The worst financial crisis since the Great Depression has sparked a great reckoning. Barack Obama now argues that it represents a "failed philosophy," "the idea that if we give more and more to those with the most, prosperity will trickle down to everyone else." His broadscale indictment of the "era of greed and irresponsibility on Wall Street and in Washington" plasters John McCain, a self described "foot soldier in the Reagan revolution, to his record, and exposes his recent cross dressing as a populist tribune.
Yet, the Iraq War, surely the worst foreign policy debacle at least since Vietnam, has had little effect in challenging the "failed philosophy" that an imperial America is the "indispensable nation" needed to police the globe. Even as Congress balked at the $700 billion bail out of Wall Street and Republicans filibustered against even a token $50 billion stimulus plan for Main Street, next year's $700 billion military budget was passed without a murmur.

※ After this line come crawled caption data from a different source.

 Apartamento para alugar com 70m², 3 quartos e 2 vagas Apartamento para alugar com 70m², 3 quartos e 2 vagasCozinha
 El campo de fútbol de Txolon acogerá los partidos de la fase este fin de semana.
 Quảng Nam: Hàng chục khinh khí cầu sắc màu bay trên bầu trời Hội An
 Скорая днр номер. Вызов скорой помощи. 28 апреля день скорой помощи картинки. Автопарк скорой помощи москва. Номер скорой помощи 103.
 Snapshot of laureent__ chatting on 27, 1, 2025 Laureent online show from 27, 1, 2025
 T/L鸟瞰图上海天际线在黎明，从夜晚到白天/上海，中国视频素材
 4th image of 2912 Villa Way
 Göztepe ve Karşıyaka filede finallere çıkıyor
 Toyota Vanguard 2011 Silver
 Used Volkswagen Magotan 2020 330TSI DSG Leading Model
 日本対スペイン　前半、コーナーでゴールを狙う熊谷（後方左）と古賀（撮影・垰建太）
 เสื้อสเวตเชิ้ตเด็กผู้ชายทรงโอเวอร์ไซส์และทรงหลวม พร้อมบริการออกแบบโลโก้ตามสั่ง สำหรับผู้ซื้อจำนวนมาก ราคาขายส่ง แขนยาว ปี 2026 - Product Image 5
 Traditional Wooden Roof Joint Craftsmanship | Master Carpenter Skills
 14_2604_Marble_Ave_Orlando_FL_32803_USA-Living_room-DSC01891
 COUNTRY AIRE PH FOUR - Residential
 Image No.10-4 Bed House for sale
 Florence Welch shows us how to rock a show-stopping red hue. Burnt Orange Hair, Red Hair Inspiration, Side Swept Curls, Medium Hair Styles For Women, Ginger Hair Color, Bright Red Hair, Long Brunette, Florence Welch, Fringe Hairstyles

Today in the New York Times, the Institute for America's Future which I co-direct published an "op ad" entitled Prisoners of War. It makes the simple point that we will be unable to put our nation back on track at home if we remain prisoners of war abroad.
For the ad and back materials, go here.
We are spending about $12 billion a month on the wars in Afghanistan and Iraq. The latter will end costing $3 trillion. More troops are being dispatched to the former. We maintain an empire of over 700 bases across the world. Our navy polices the seven seas. We spend as much on our military as the rest of the world combined -- and that is apparently not enough. Both major party political candidates are committed to increasing the size of the military and the amount we will spend on it.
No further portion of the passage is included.